Dread, unlike a jump scare is not a fleeting moment. It is a steady and increasing condition of unease. A house of wrongness built with uncertainty. For me, uncertainty plays a great part in the buildup of dread. It’s when you know something really bad is about to happen but you can’t explain how you know. And not being able to explain it keeps you always alert, always waiting. The tension never releases. And that’s when the story pulls the rug out from under your feet.
We walk around the world looking for signs of danger, of impending doom, personal or collective. It’s a survival thing. But sometimes these signs are not tangible or quantifiable. Sometimes the wrong thing can just be a familiar face smiling at you the wrong way. Or an object left somewhere it shouldn’t have been. A smell that takes you back to some dark place you had forgotten.

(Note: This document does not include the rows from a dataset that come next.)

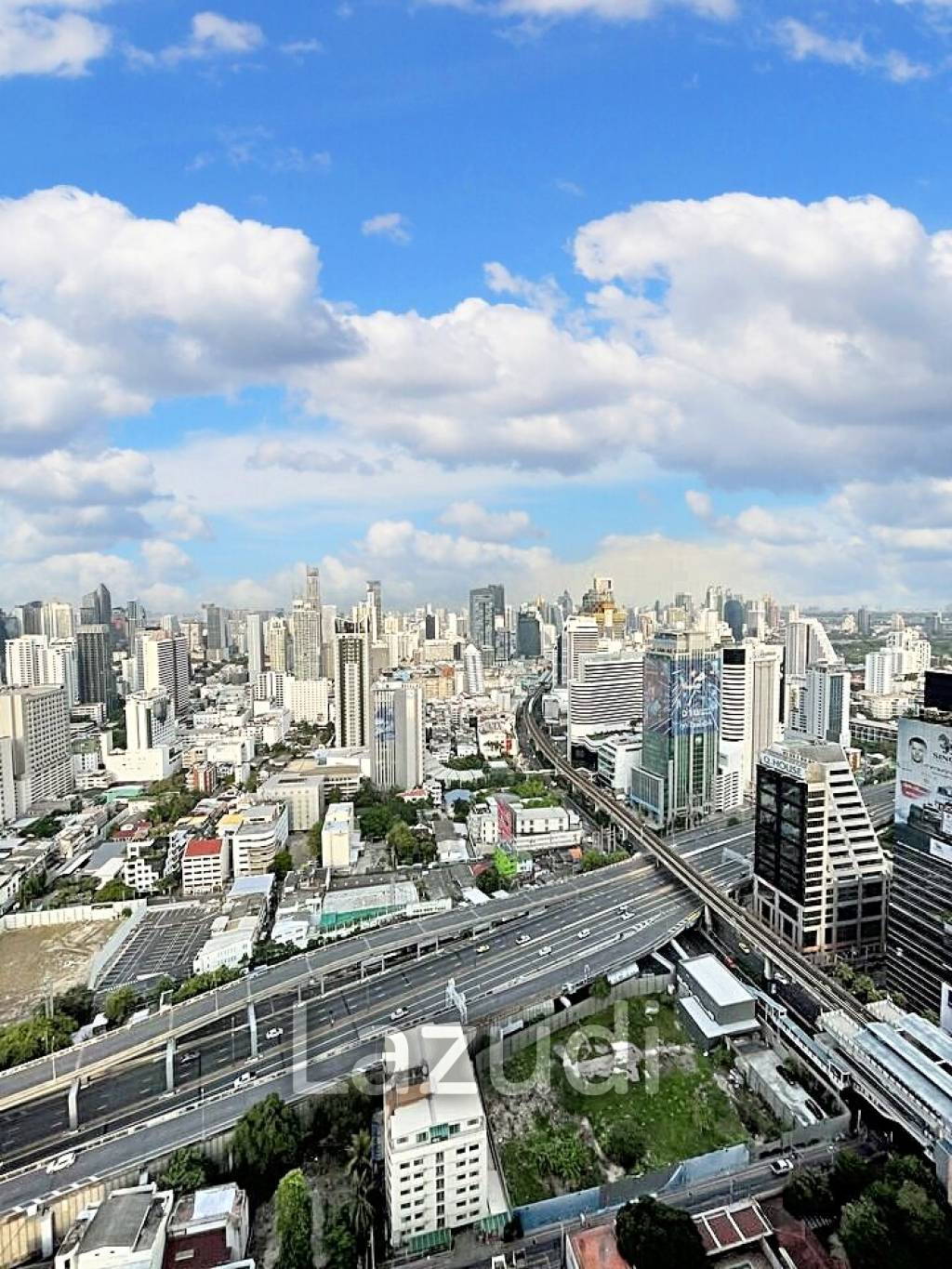 2 Bedrooms 2 Bathrooms 82 SQ.M. Noble Ploenchit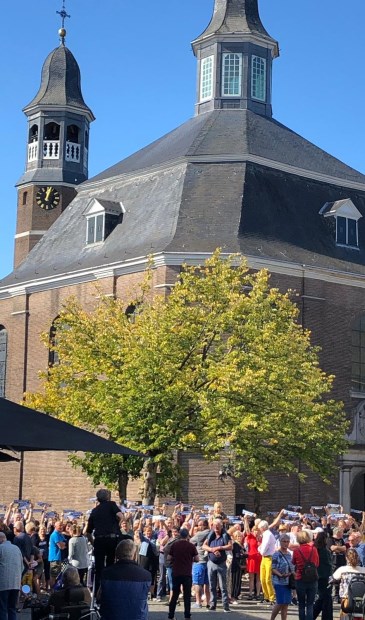 Protest bij de Luciakerk in Ravenstein.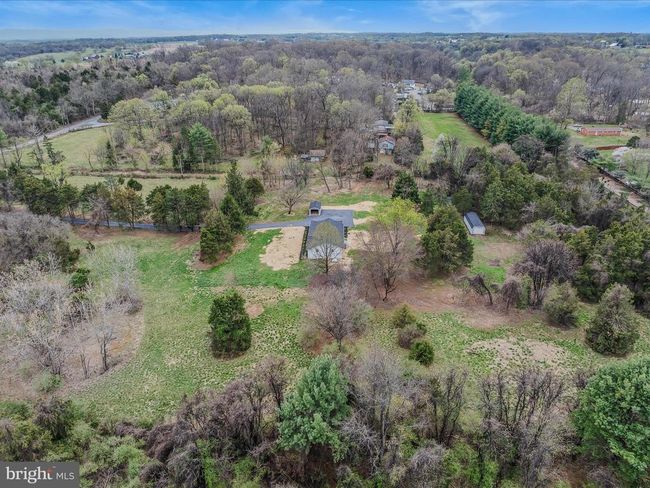 89 Morgan Grove Rd, Home with 4 bedrooms, 3 bathrooms and null parking in SHEPHERDSTOWN WV | Image 58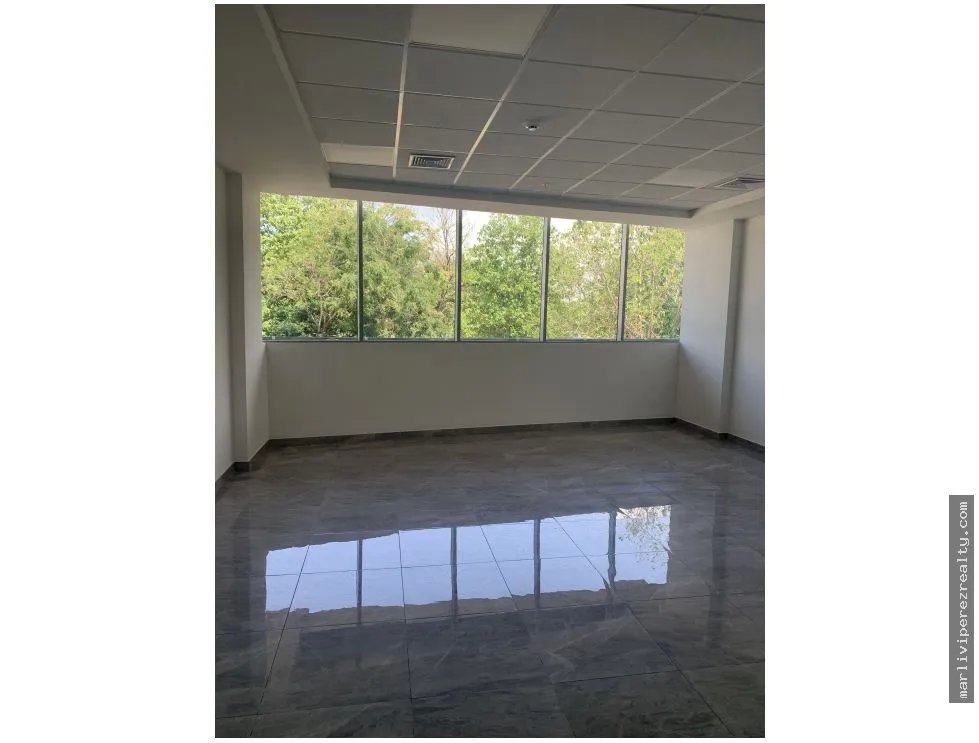 Commercial Space for rent in Via Porras
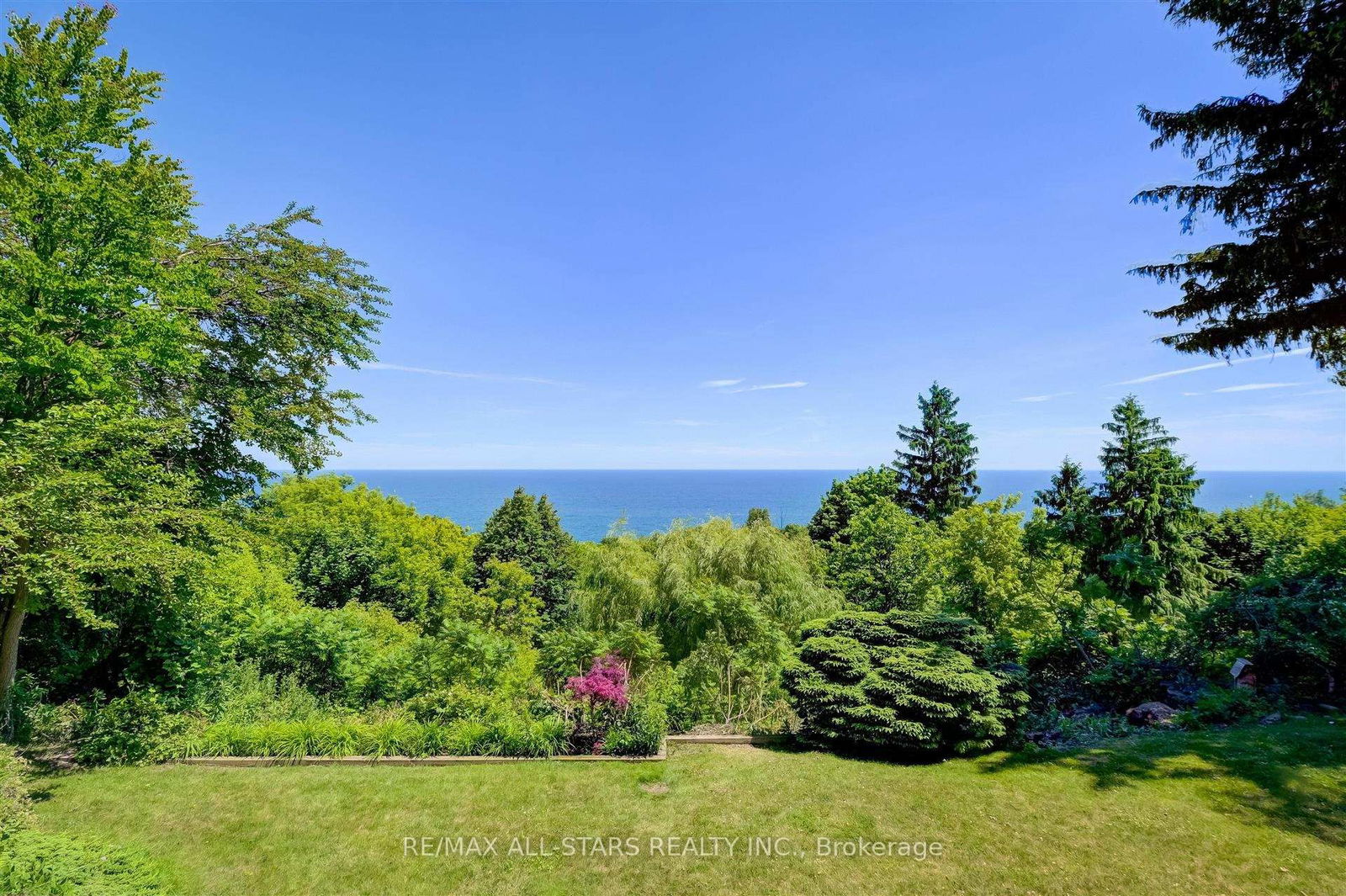 Detached House in Scarborough Village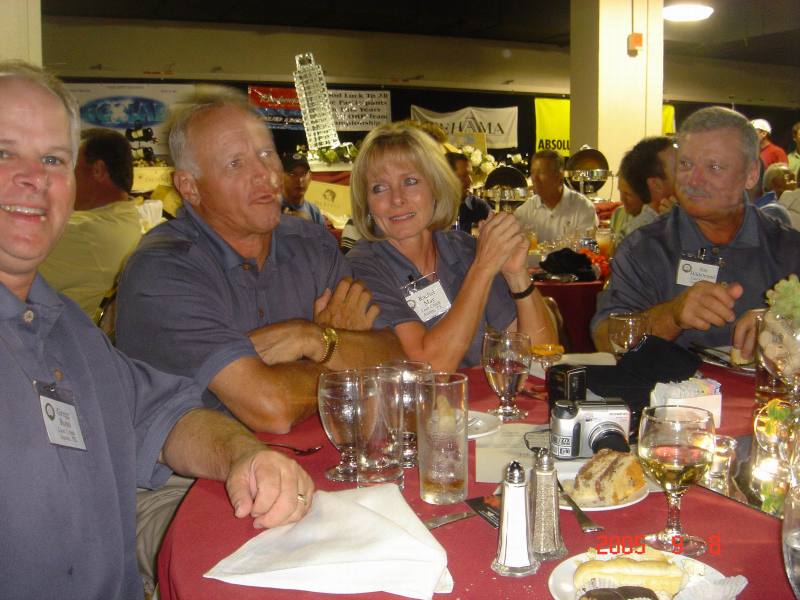 2005/09(Sept)/03(Pinehurst)/02(Round-1)/800x600_2005-09-08-24-International-Cuisine.JPG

Dread is realizing every ghost story you ever been told is true, because the past is coming to haunt you. It’s already haunting you. It’s not personal. It is just history written with the blood of the innocent, just like in “Laal Andhi,” by Usman T. Malik.
Other times it is personal. Like in “Sharp Things, Killing Things,” by A.C. Wise. Sometimes what comes to haunt you is something that’s been coming for a long time. It’s because of something you did, or something you think you did but you are not sure. The dread comes from slowly realizing what you were capable of all this time. That you are both the victim and the monster of your own story.
Dread can be not recognizing your best friend. The person you’ve been to Hell and back with and now you are not sure if they are even human anymore or if they are something else. Something containing a piece of Hell within, just like in “The Blood Drip,” by Brian Evenson.
And sometimes like in Ian Muneshwar’s “Dick Pig,” dread can be a literal house of wrongness that you can’t stop from going deeper and deeper inside. And when you finally reach its guts, you know that’s where you’re meant to be all along. The dread stops being yours and belongs, perhaps, only to the reader.
I want to know your definition of dread. What keeps you on edge. What are the monsters that you check for every time you enter a dark room, and how do they torment you? Lure me into your own version of unreality and let me be both uneasy and glad to be there.